SALMAN AL-FARISI
SANG PENCARI KEBENARAN
(Kisah Sahabat KE-2)
Salman Al-Farisi mengisahkan tentang dirinya:
"Aku berasal dari Isfahan, warga suatu desa yang bernama "Ji". Bapakku
seorang bupati di daerah itu, dan aku merupakan makhluk Allah yang
paling disayanginya. Aku membaktikan diri dalam agama Majusi, hingga
diserahi tugas sebagai penjaga api, yang bertanggung jawab atas nyalanya dan tidak membiarakannya padam.
Bapakku memiliki sebidang tanah. Pada suatu hari aku disuruhnya ke sana.
Dalam perjalanan ke tempat tujuan, aku melewati sebuah gereja milik kaum Nasrani
Kudengar mereka sedang sembahyang, kemudian aku masuk ke dalam untuk
melihat apa yang mereka lakukan. Aku kagum melihat cara mereka
sembahyang dan kataku dalam hati, 'lni lebih baik dari apa yang aku anut selama ini!'
Aku tidak beranjak dari tempat itu sampai matahari
terbenam sehingga membatalkan untuk pergi ke tanah milik bapakku dan
tidak kembali pulang, hingga bapak mengirim orang untuk menyusulku.
Karena agama mereka menarik perhatianku, kutanyakan kepada orang-orang
Nasrani dari mana asal usul agama mereka. 'Dari Syiria', ujar mereka.

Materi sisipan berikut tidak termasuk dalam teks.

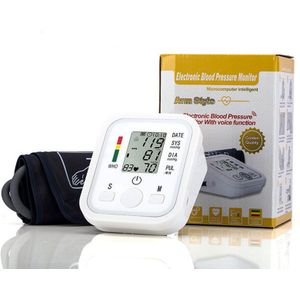 Automatische Pols Bloeddrukmeter Bloeddrukmeter Hartslagmeter Tonometer Bp Monitoren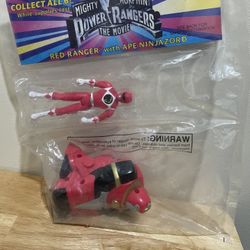 McDonald’s Mighty Morphin Power Rangers The Movie Red Ranger Happy Meal toy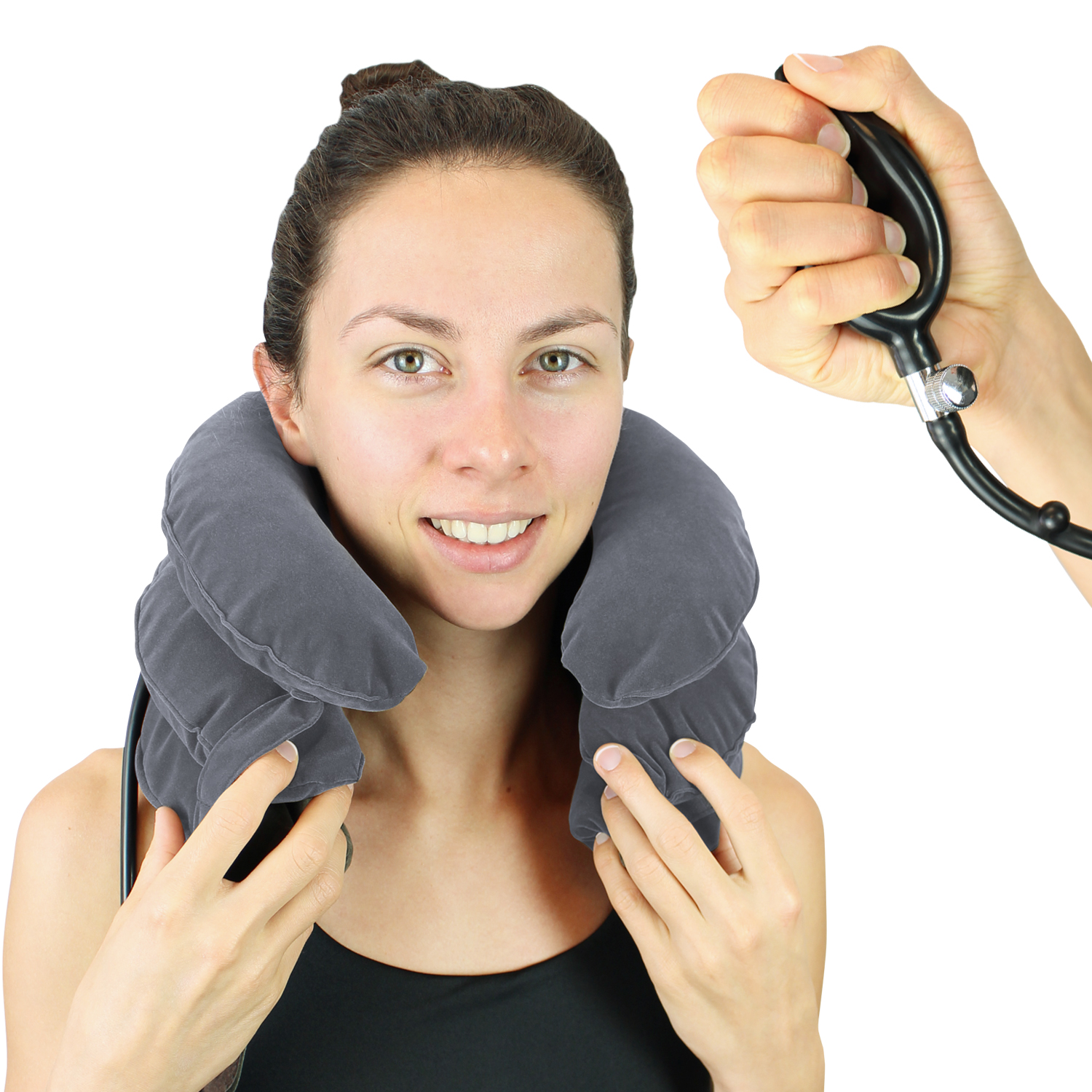 Neck Stretcher Inflatable Home Cervical Traction Device Pillow Spine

Ketika aku berhadapan dengan bapakku, kukatakan kepadanya, 'Aku lewat
pada suatu kaum yang sedang melakukan upacara sembahyang di gereja.
Upacara mereka amat mengagumkanku. Kulihat pula agama mereka lebih baik
dari agama kita.'
Aku dan bapakku pun melakukan diskusi, tetapi berakhir dengan dirantainya kakiku dan dipenjarakannya diriku.
Kepada orang-orang Nasrani kukirim berita bawah aku telah menganut agama
mereka. Kupinta pula apabila datang rombongan dari Syiria, supaya aku
diberi tahu sebelum mereka kembali karena aku akan ikut bersama mereka
ke sana. Permintaanku mereka kabulkan, lalu kuputuskan rantai,
meloloskan diri dari penjara, dan menggabungkan diri dengan rombongan
itu menuju Syiria.
Sesampai di sana kutanyakan seorang ahli dalam agama itu, dijawabnya bahwa ia adalah uskup pemilik gereja.
Kemudian aku datang kepadanya dan kuceritakan keadaanku. Akhirnya,
tinggallah aku bersamanya sebagai pelayan, melaksanakan ajaran mereka, dan belajar.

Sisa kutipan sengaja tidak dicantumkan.